Mechanical overload is a major trigger of pathological cardiac remodeling (PCR), ultimately leading to heart failure. Understanding how cardiomyocytes respond to mechanical force signals and alter cellular states is crucial for developing treatments for PCR. However, the mechanosensitive alterations in myocardial proteome and metabolome involved in PCR remain unclear.
In this study, we established a cell model of mechanical stress-induced cardiac remodeling by applying cyclic mechanical stretch to adult mouse primary cardiomyocytes (AMCM). By adjusting different mechanical stretch parameters, we induced both physiological and pathological cardiac remodeling states. Excessive mechanical stress resulted in sarcomere disorganization, mitochondrial damage, and lipid accumulation in AMCM. We employed a multi-omics approach—including untargeted proteomics, metabolomics, and lipidomics—utilizing mass spectrometry to analyze the effects of varying mechanical stretch parameters on the mechanotransductive response of cardiomyocytes.
Comparative proteomic data between AMCM and myocardial cell line AC16 revealed for the first time that the high abundance of structural proteins (such as actin and myosin) as well as mitochondrial-related proteins (such as ATP synthase and citrate synthase) in adult primary cardiomyocytes significantly inhibited the detection of low-abundance proteins. Consequently, using timsTOF Pro 2 mass spectrometry platform, 4,885 proteins were identified in AMCM, which was significantly fewer than 7,790 proteins identified in AC16. Further quantification of 432 differentially expressed proteins from AMCM suggested a decrease in protein vesicle transport capacity, mitochondrial respiratory chain damage, and inhibition of oxidative phosphorylation with increasing mechanical stress. Using the AlteredPQR algorithm for membrane protein interaction network analysis, we revealed the activation of mechanosensitive ion channels such as Piezo and TRPC, leading to an imbalance in cardiac calcium homeostasis.

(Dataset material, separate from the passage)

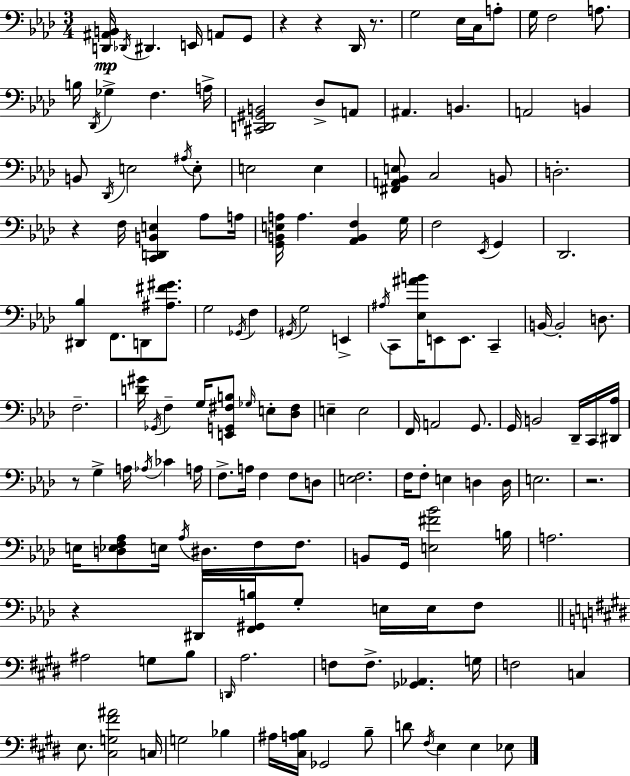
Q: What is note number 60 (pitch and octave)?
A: F3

Integrating metabolomics and lipidomics data from stretched AMCM under different mechanical parameters, we observed aberrant lipid metabolism associated with amino acid metabolism remodeling. Construction of protein-metabolite interaction networks suggested that mechanical stress mediated myocardial lipid deposition, enhanced glutamine decomposition metabolism, increased arginine synthesis, and reduced alanine synthesis metabolism. These changes were possibly related to alterations in cell membrane composition, calcium homeostasis imbalance, and mitochondrial oxidative stress.
In summary, our findings reveal that mechanical stress alters cell membrane lipid composition and activates cardiac mechanosensitive ion channels, leading to calcium homeostasis imbalance, amino acid metabolism remodeling, inhibition of mitochondrial oxidative phosphorylation, ultimately contributing to pathological cardiac remodeling.